UESPWiki:Benchmarking
This page details the steps taken to try and benchmark the UESP servers performance and how various settings affect it.
Contents
- 1 Software
- 2 2020 Server Benchmark Tests
- 3 2015 Server Benchmark Tests
- 4 2010 Server Benchmark Tests
- 4.1 Basic Results
- 4.2 Request Rate Error
- 4.3 Concurrency
- 4.4 eAccelerator
- 4.5 Memcached
- 4.6 File Cache
- 4.7 Additional Squid Cache
- 4.8 Wiki Statistics
- 4.9 Update -- November 2010
- 4.10 Estimating Server Capacity
- 4.11 Traffic Scenario 1
- 4.12 Traffic Scenario 2
- 4.13 Fast CGI
- 4.14 Benchmarks February 2011
- 5 References
Software[edit]
- Apache Bench (ab)
-
- Used to benchmark most things. Typical command for most tests is:
ab -kc 10 -t 30 [URL]
-
- Cannot load from HTTPS so only HTTP tested (mostly irrelevant unless HTTP2 needs to be tested).
- Disable any mod/app that protects from DOS (ex: mod_evasive, fail2ban, etc...) that might interfere with the test.
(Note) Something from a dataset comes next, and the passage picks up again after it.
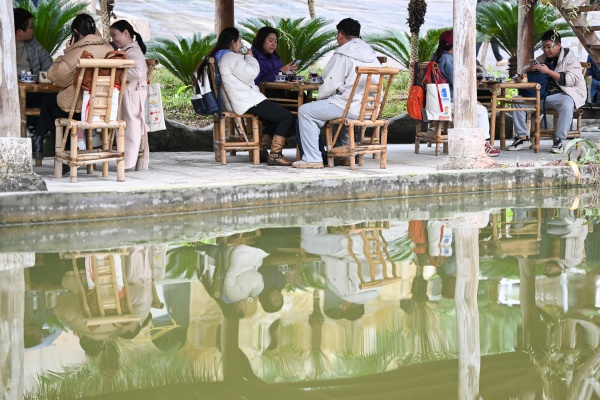 游客圍坐在一起品美食。景區供圖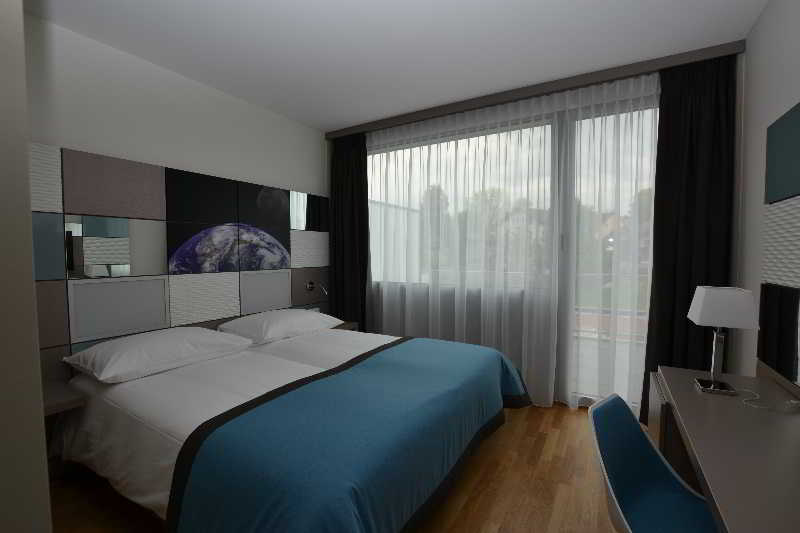 Discovery Hotel 3* Superior Криссье Экстерьер фото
2020 Server Benchmark Tests[edit]
Benchmarks March 2020[edit]
Comparison is with the old server setup tested at the same time from within the old cluster.
-
- Content1
-
- Main_Page: 63 req/s (x2.3)
- RecentChanges: 30 req/s (x2.3)
- Content2
-
- Main_Page: 62 req/s (x4.1)
- RecentChanges: 32 req/s (x4.6)
- Content3
-
- Main_Page: 70 req/s (x2.1)
- RecentChanges: 30 req/s (x2.0)
- Files1
-
- Somerights.png (6kb): 20,600 req/s (x2.1)
- Squid1
-
- Main_Page: 2800 req/s
- RecentChanges: 1300 req/s
2015 Server Benchmark Tests[edit]
Benchmarks March 2020[edit]
-
- Content1
-
- Main_Page: 28 req/s
- RecentChanges: 13 req/s
- Content2
-
- Main_Page: 15 req/s
- RecentChanges: 7 req/s
- Content3
-
- Main_Page: 34 req/s
- RecentChanges: 15 req/s
- Files1
-
- Somerights.png (6kb): 9,800 req/s
- Squid1
-
- Main_Page: 34 req/s (Not Caching?)
- RecentChanges: 16 req/s (Not Caching?)
2010 Server Benchmark Tests[edit]
-
- ab -n 100 -c 10 http://www.uesp.net/wiki/Main_Page
-
- Perform 100 load requests with at most 10 requests occurring at the same time.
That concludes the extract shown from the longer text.